Problem to work on: Within the entries below, please return exactly the lines from the one with "A white door" through the one with "Tenis deportivos Reebok", leaving out any pictures.

Data provided:
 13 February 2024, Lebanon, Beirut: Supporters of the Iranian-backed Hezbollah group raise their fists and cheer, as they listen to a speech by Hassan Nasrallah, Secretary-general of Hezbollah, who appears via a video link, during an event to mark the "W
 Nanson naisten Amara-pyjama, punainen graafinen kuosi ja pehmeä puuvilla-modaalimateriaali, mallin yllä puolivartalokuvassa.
...
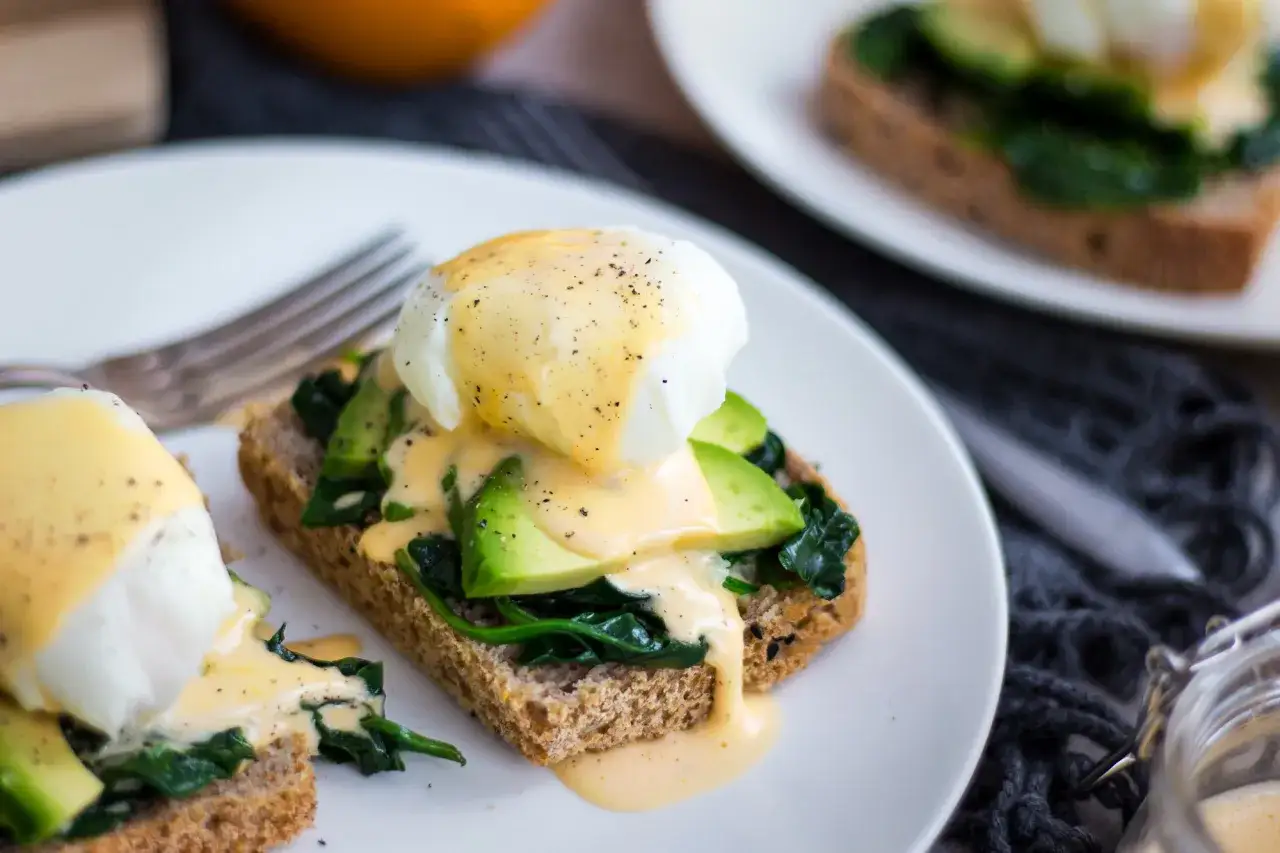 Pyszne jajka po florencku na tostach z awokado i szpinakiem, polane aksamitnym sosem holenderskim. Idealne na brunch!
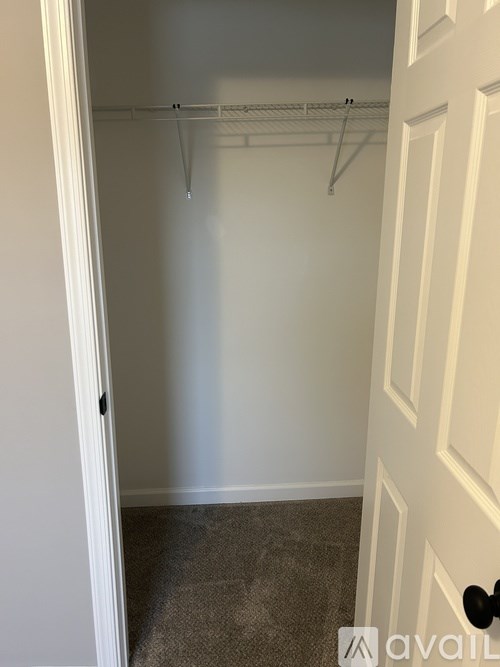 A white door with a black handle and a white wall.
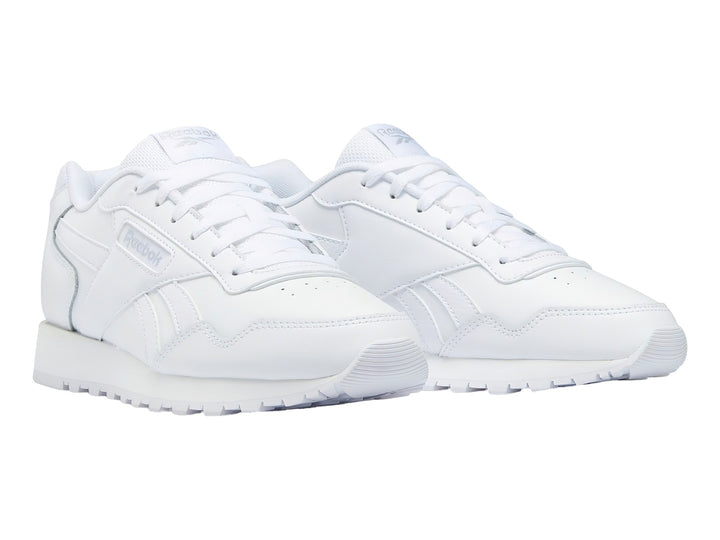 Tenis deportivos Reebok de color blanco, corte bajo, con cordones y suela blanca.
...
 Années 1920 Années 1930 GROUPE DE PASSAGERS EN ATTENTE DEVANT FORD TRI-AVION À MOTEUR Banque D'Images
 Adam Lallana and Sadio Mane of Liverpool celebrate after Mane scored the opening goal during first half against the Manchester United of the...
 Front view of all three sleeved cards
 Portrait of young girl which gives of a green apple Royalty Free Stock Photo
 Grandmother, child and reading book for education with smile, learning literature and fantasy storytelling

Your solution:
 A white door with a black handle and a white wall.
 Tenis deportivos Reebok de color blanco, corte bajo, con cordones y suela blanca.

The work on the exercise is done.